> Source records

++++++++++

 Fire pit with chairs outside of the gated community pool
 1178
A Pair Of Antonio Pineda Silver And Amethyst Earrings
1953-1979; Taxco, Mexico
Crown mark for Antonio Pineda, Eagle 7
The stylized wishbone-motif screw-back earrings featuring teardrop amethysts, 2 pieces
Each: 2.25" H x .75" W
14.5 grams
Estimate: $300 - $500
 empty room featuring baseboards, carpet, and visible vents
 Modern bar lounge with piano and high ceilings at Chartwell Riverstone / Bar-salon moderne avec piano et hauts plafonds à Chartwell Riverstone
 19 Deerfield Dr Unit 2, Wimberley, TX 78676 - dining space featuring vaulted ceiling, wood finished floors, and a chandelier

++++++++++

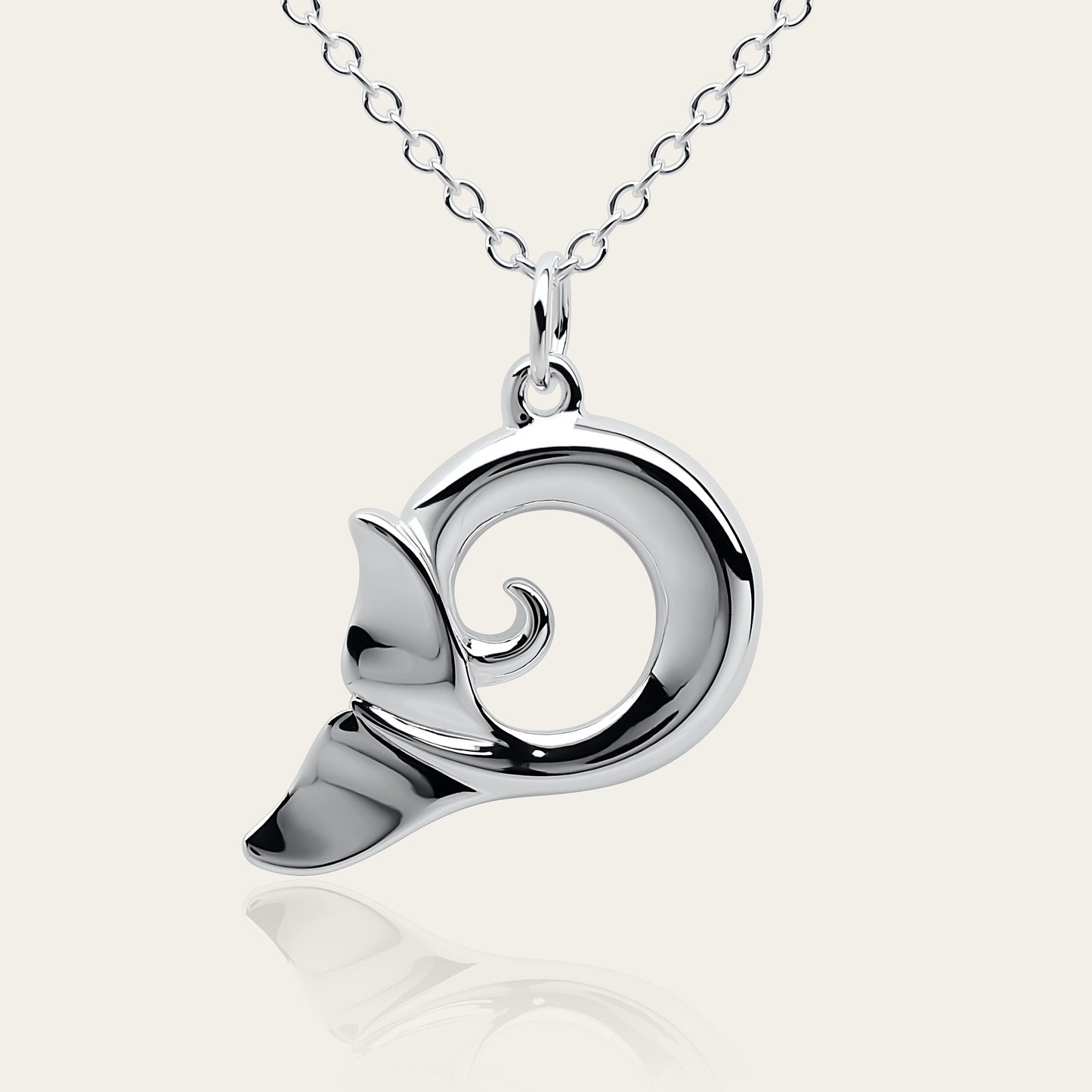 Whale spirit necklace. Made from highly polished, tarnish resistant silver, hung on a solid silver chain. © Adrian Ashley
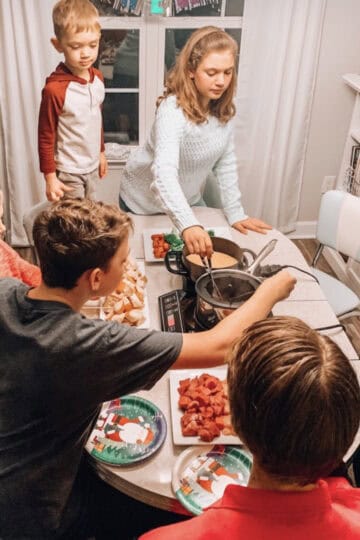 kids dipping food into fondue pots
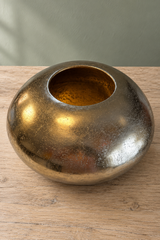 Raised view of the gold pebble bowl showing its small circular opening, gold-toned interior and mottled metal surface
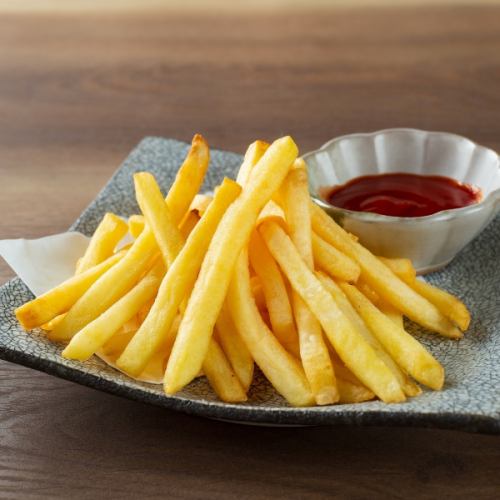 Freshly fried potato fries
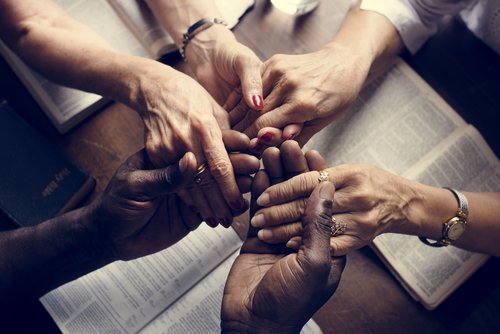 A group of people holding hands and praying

++++++++++

> Exercise instructions
Extract from the records above the lines from the one containing "empty room featuring" to the one containing "19 Deerfield Dr", both lines included, exactly as they appear and with nothing else.

> Expected answer
 empty room featuring baseboards, carpet, and visible vents
 Modern bar lounge with piano and high ceilings at Chartwell Riverstone / Bar-salon moderne avec piano et hauts plafonds à Chartwell Riverstone
 19 Deerfield Dr Unit 2, Wimberley, TX 78676 - dining space featuring vaulted ceiling, wood finished floors, and a chandelier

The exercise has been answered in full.